— TRY IT —
Please repeat the entries exactly as they appear and omit any images.

:: PROVIDED ENTRIES ::

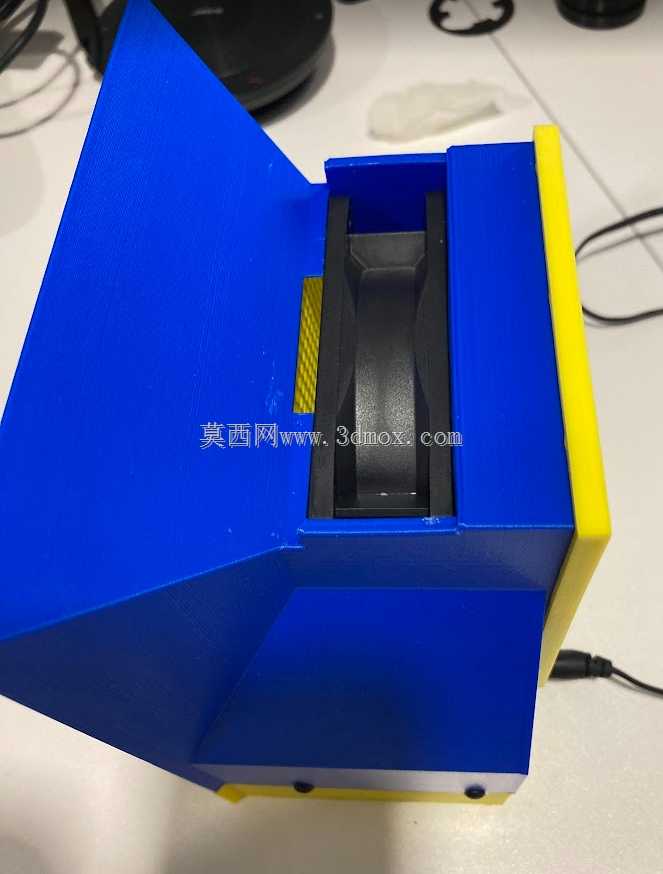 焊料烟雾提取器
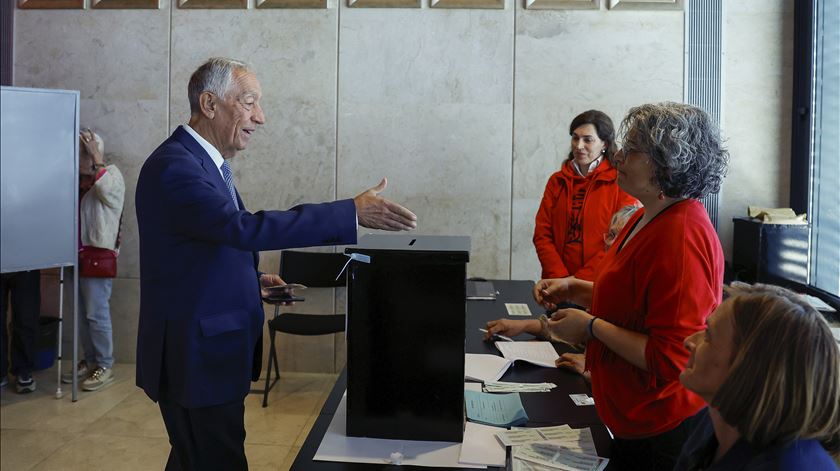 Marcelo apela ao voto e lembra que não pode haver eleições nos próximos 12 meses
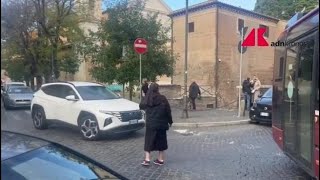 Al rione Celio la suora s'improvvisa vigile urbano e sbroglia l'ingorgo
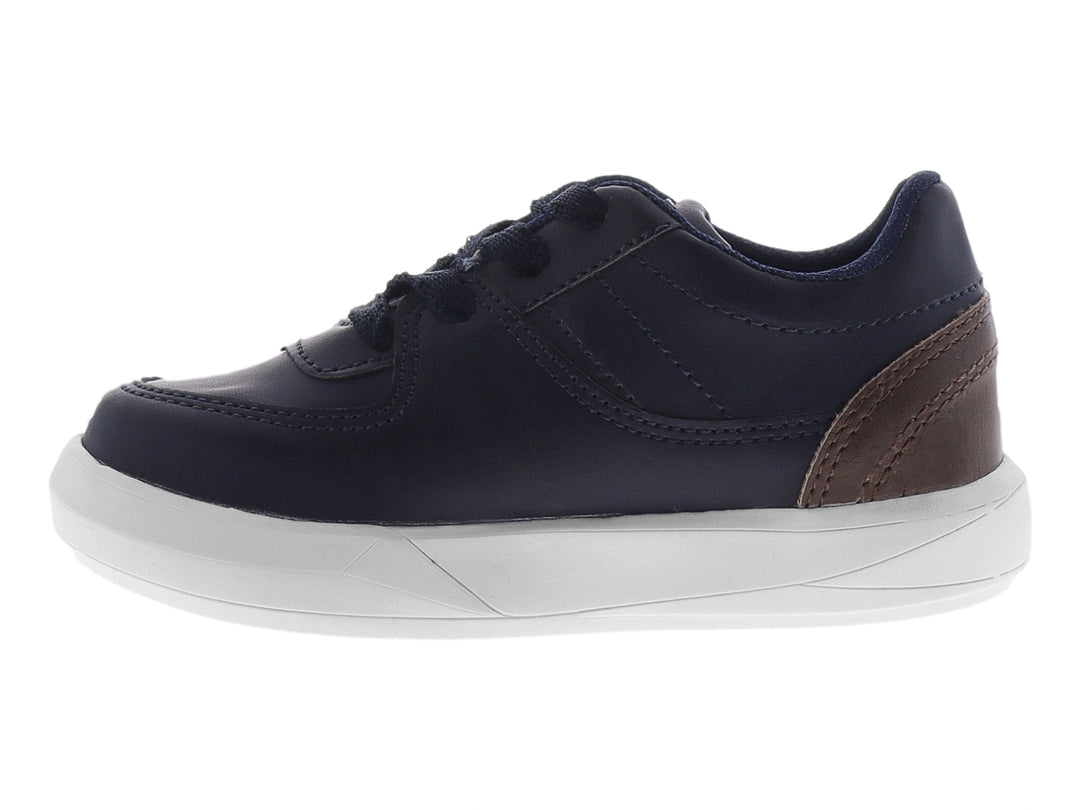 Zapato casual para niño en color azul marino con suela blanca y detalles en café.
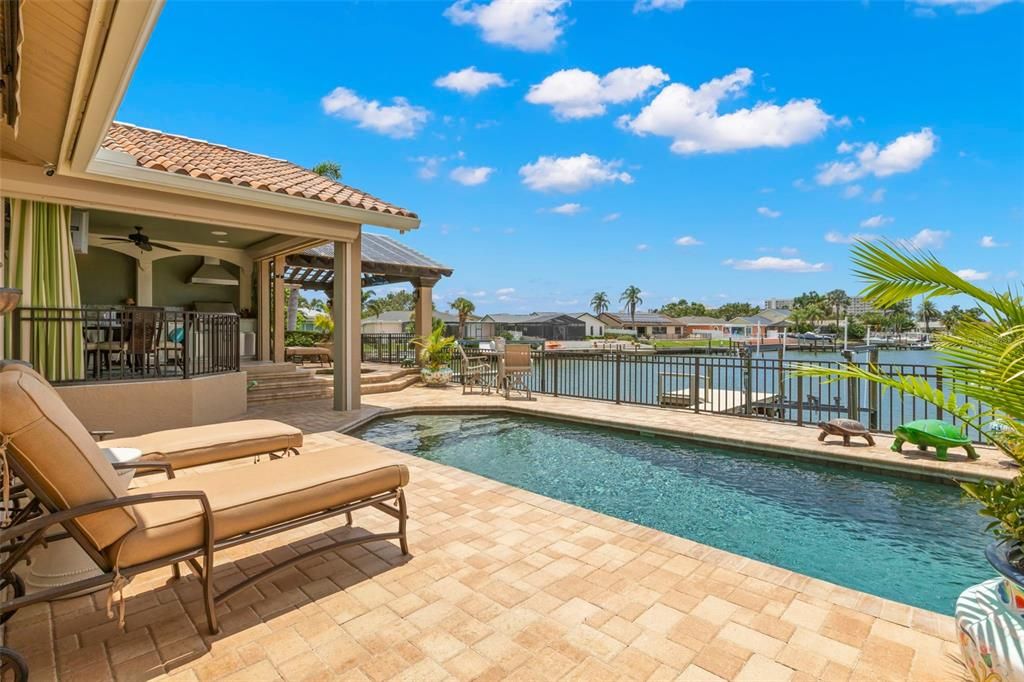 For Sale: $2,149,000 (3 beds, 2 baths, 2663 Square Feet)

:::

— TASK RESPONSE —
 焊料烟雾提取器
 Marcelo apela ao voto e lembra que não pode haver eleições nos próximos 12 meses
 Al rione Celio la suora s'improvvisa vigile urbano e sbroglia l'ingorgo
 Zapato casual para niño en color azul marino con suela blanca y detalles en café.
 For Sale: $2,149,000 (3 beds, 2 baths, 2663 Square Feet)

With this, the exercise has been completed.